_EXERCISE OBJECTIVE:_ Transcribe each line of the records below exactly, excluding any embedded images.

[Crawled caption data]
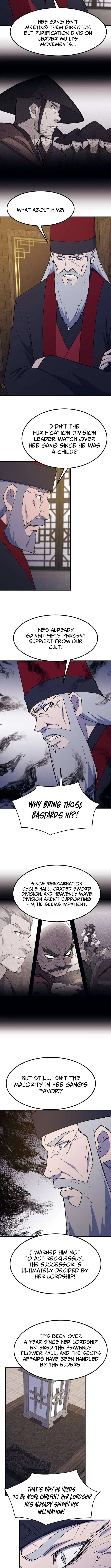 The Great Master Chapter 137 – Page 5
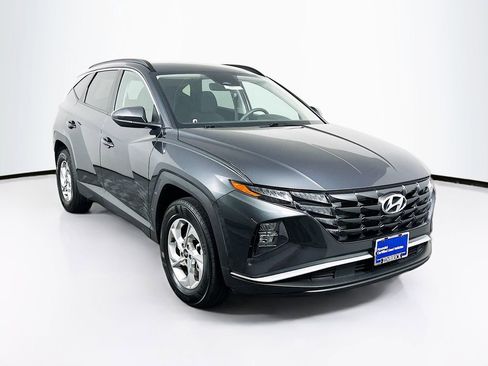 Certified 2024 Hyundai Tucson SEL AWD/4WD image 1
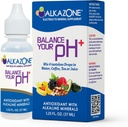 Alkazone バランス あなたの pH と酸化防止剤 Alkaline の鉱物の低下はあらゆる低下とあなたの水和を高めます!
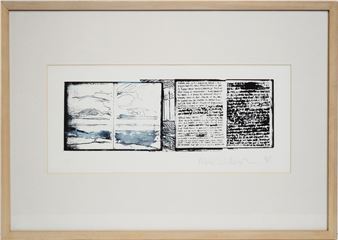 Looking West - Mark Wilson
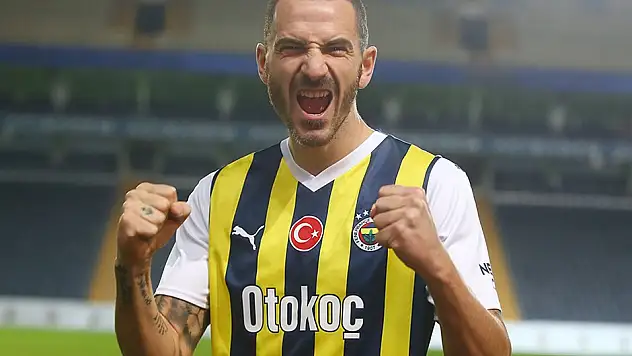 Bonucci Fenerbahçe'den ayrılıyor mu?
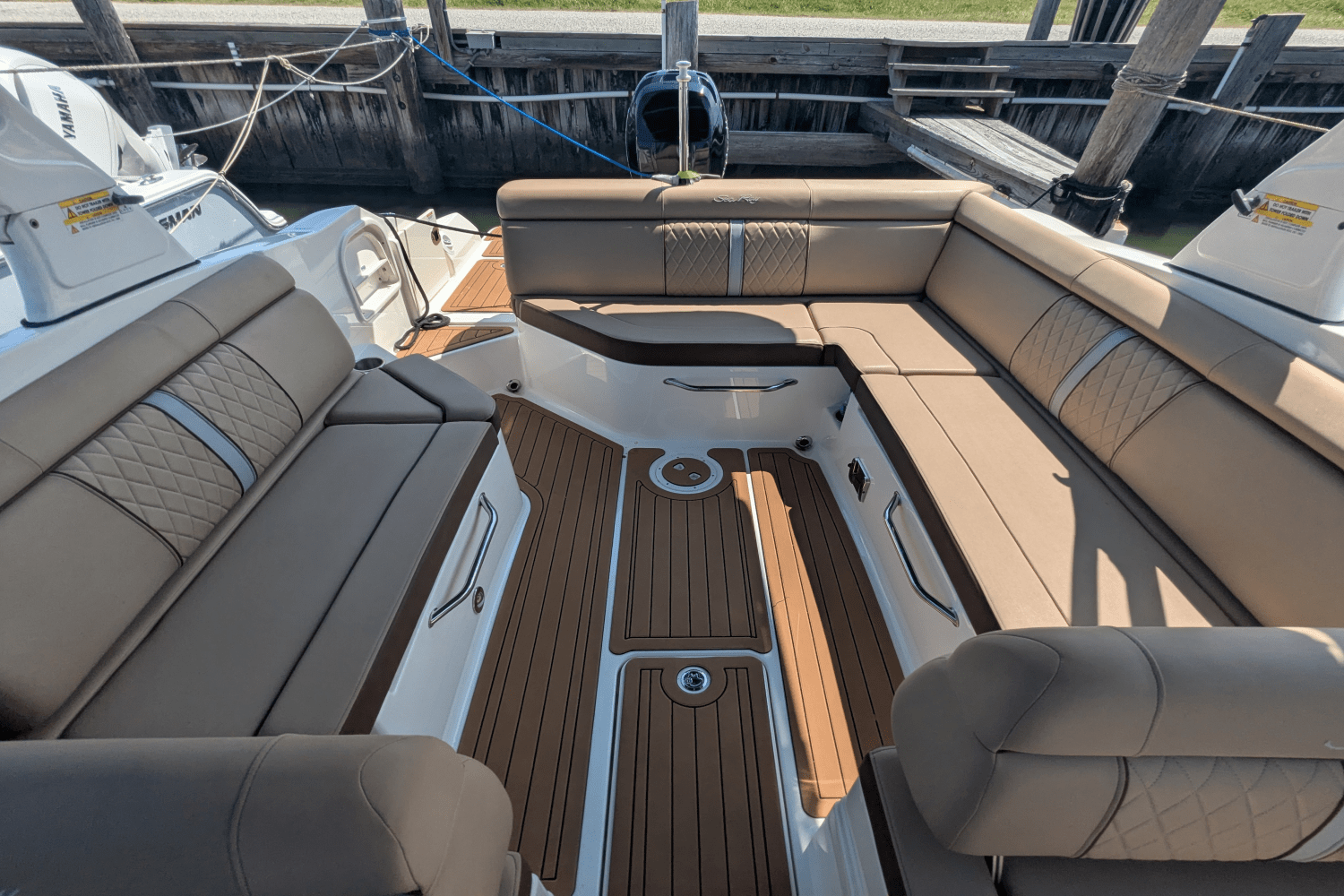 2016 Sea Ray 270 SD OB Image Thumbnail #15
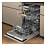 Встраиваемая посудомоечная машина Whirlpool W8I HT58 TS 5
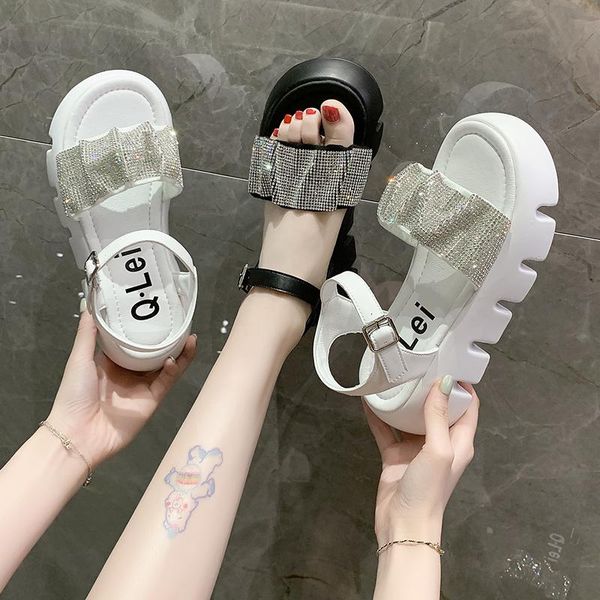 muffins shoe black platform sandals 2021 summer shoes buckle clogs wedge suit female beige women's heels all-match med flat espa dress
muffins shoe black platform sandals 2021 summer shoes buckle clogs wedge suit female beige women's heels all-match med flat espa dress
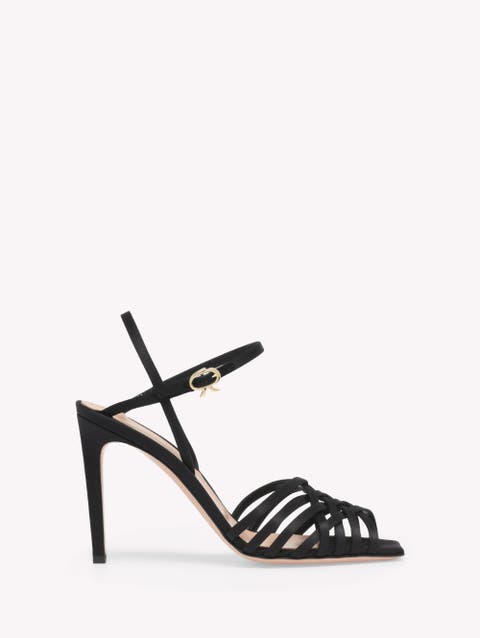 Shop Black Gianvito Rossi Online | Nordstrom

_ANSWER TO THE EXERCISE:_
 The Great Master Chapter 137 – Page 5
 Certified 2024 Hyundai Tucson SEL AWD/4WD image 1
 Alkazone バランス あなたの pH と酸化防止剤 Alkaline の鉱物の低下はあらゆる低下とあなたの水和を高めます!
 Looking West - Mark Wilson
 Bonucci Fenerbahçe'den ayrılıyor mu?
 2016 Sea Ray 270 SD OB Image Thumbnail #15
 Встраиваемая посудомоечная машина Whirlpool W8I HT58 TS 5
 muffins shoe black platform sandals 2021 summer shoes buckle clogs wedge suit female beige women's heels all-match med flat espa dress
muffins shoe black platform sandals 2021 summer shoes buckle clogs wedge suit female beige women's heels all-match med flat espa dress
 Shop Black Gianvito Rossi Online | Nordstrom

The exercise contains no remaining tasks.